▸ **Excerpted data**
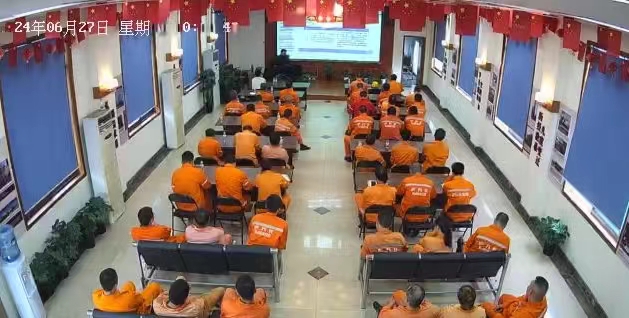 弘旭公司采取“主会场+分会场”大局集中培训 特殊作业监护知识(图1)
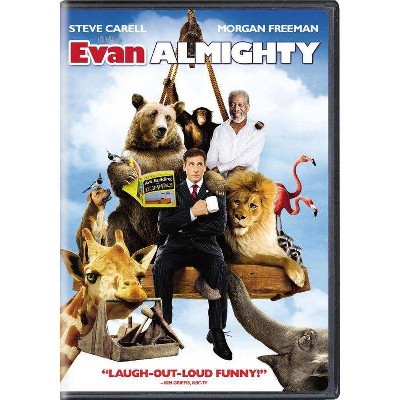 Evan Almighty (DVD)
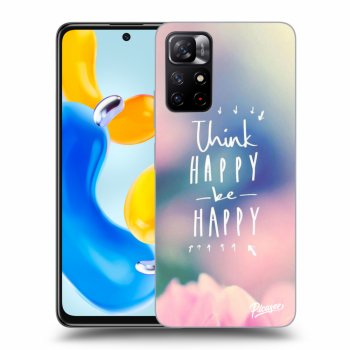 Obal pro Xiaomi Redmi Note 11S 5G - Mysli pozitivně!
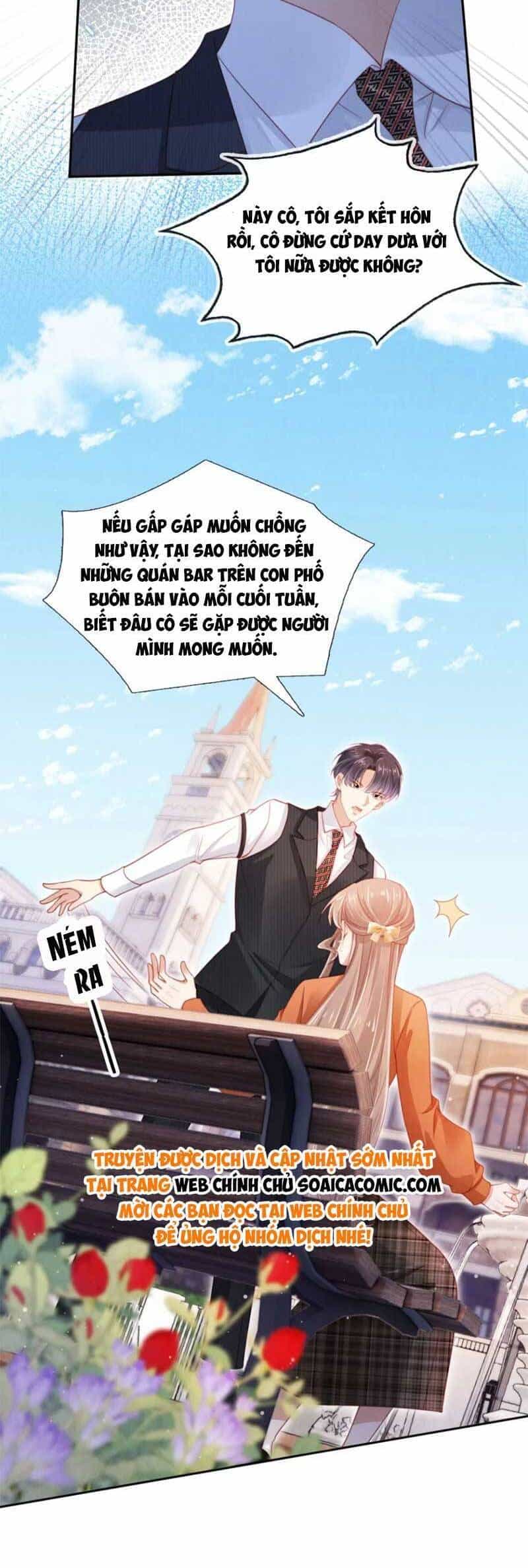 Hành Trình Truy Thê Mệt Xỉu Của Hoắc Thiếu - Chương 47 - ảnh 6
---
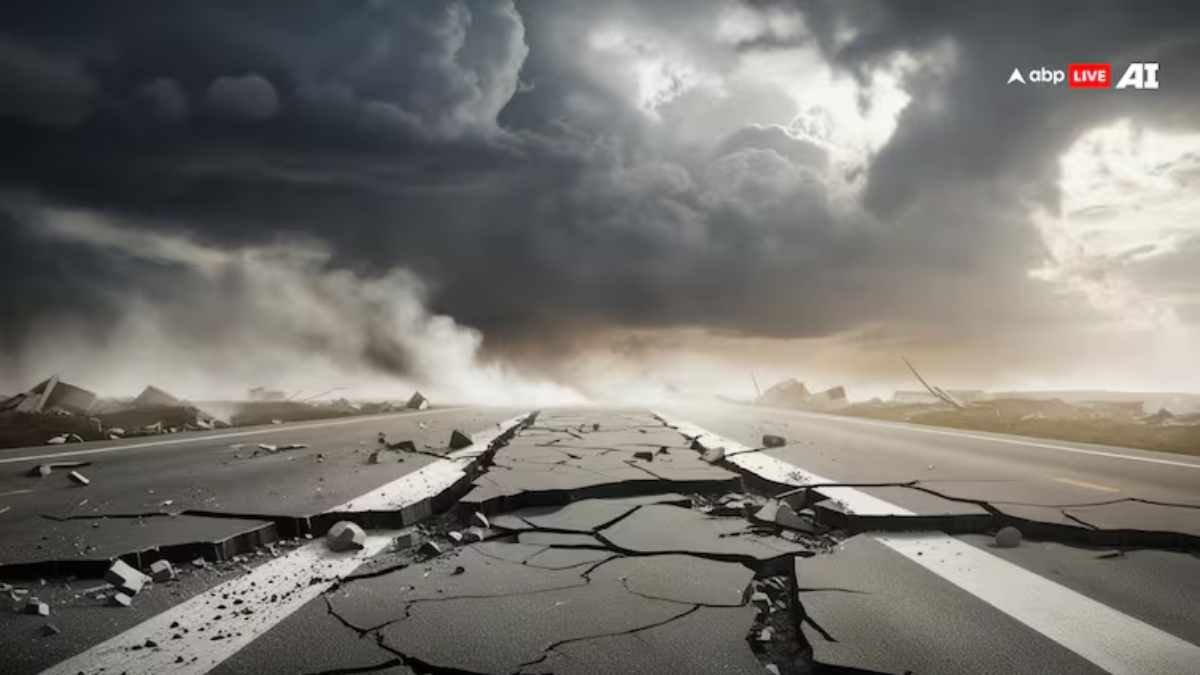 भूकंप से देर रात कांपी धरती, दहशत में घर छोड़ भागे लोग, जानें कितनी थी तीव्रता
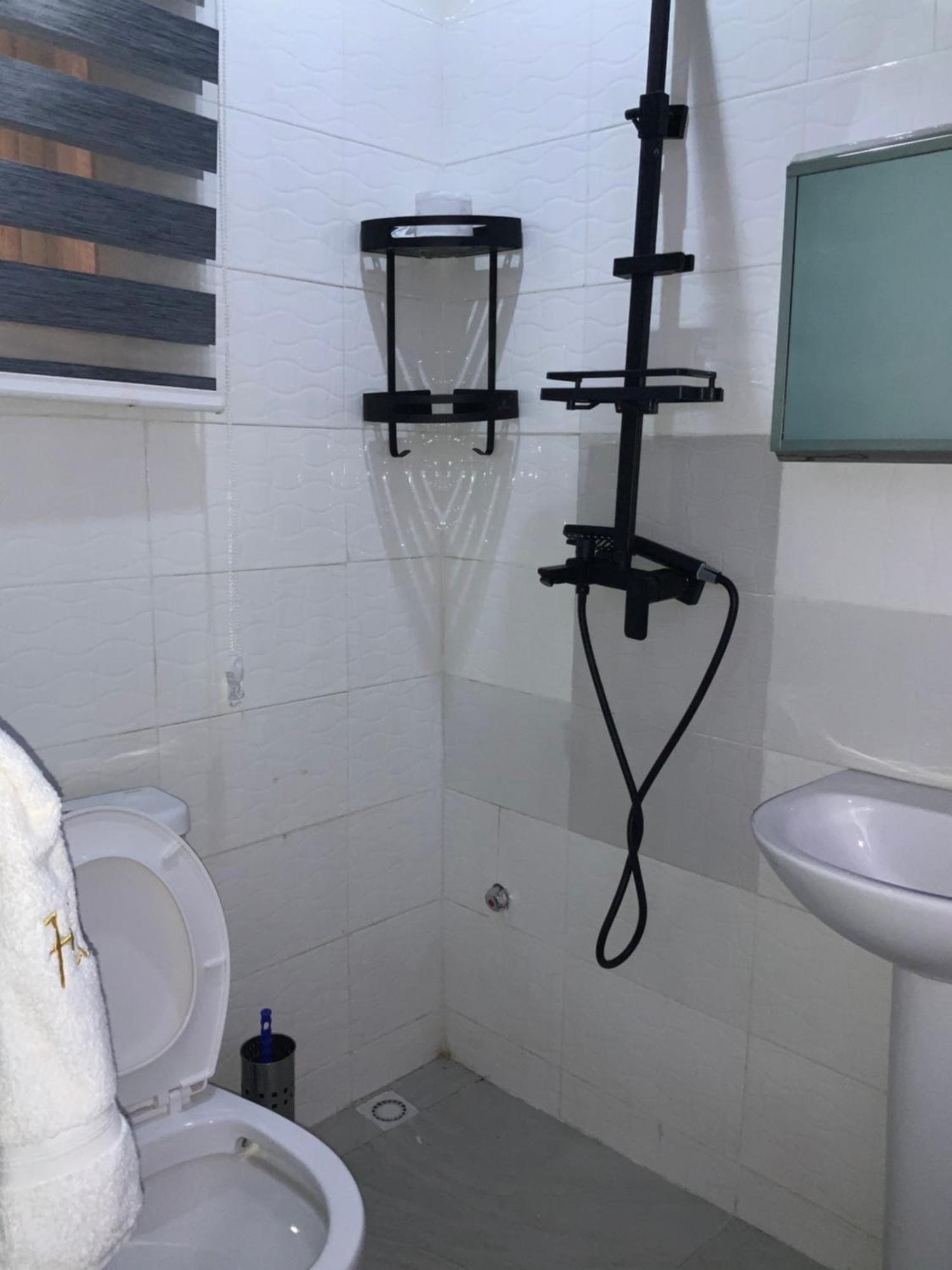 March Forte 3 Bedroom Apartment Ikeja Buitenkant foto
* * *
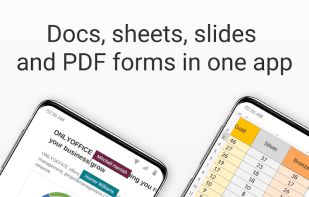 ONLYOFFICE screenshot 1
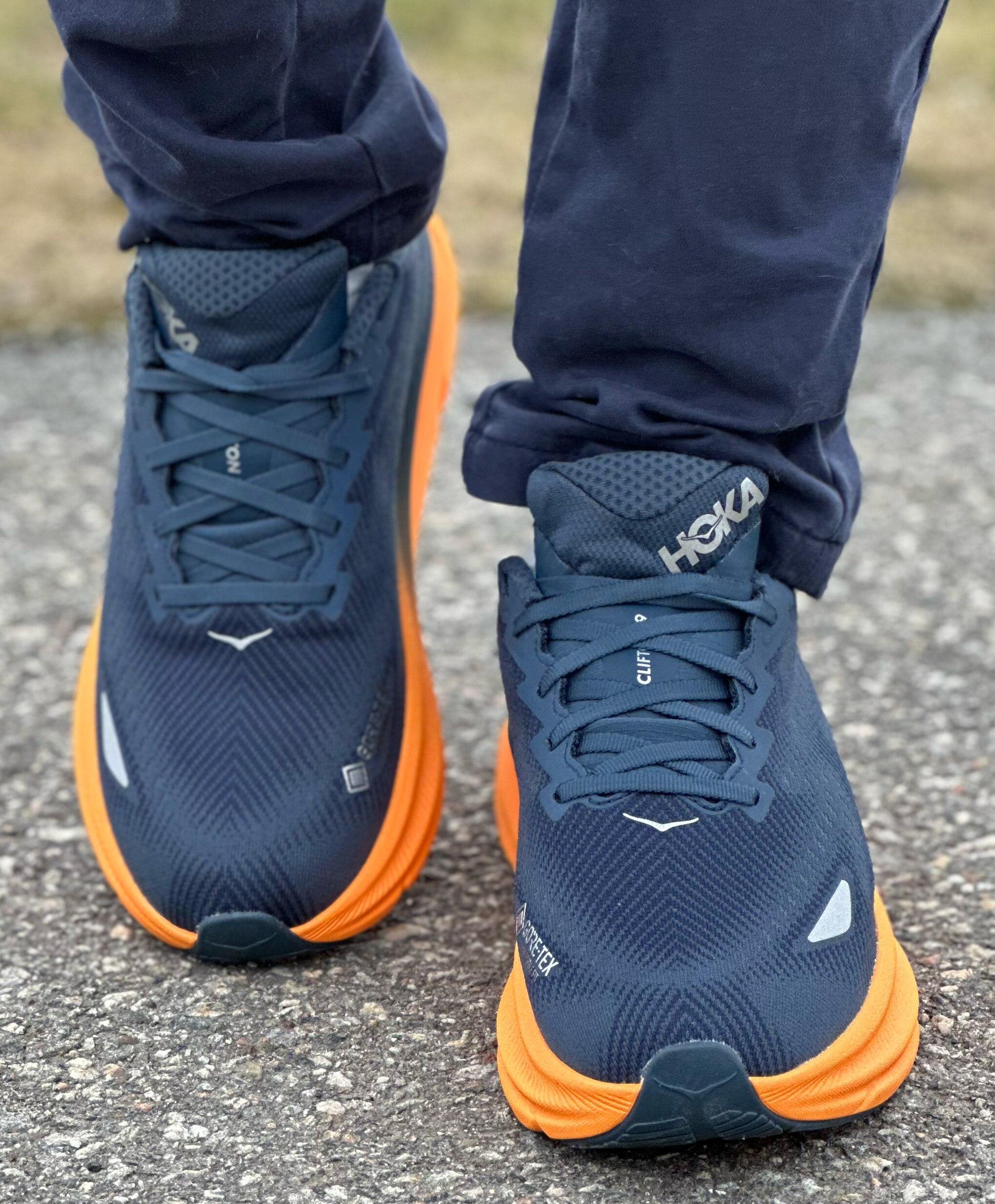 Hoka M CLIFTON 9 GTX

▸ **Activity**
Working from the entries above, reproduce exactly and only the lines beginning with the line that has "भूकंप से देर" and ending with the line that has "March Forte 3"; omit all pictures.

▸ **Solution**
 भूकंप से देर रात कांपी धरती, दहशत में घर छोड़ भागे लोग, जानें कितनी थी तीव्रता
 March Forte 3 Bedroom Apartment Ikeja Buitenkant foto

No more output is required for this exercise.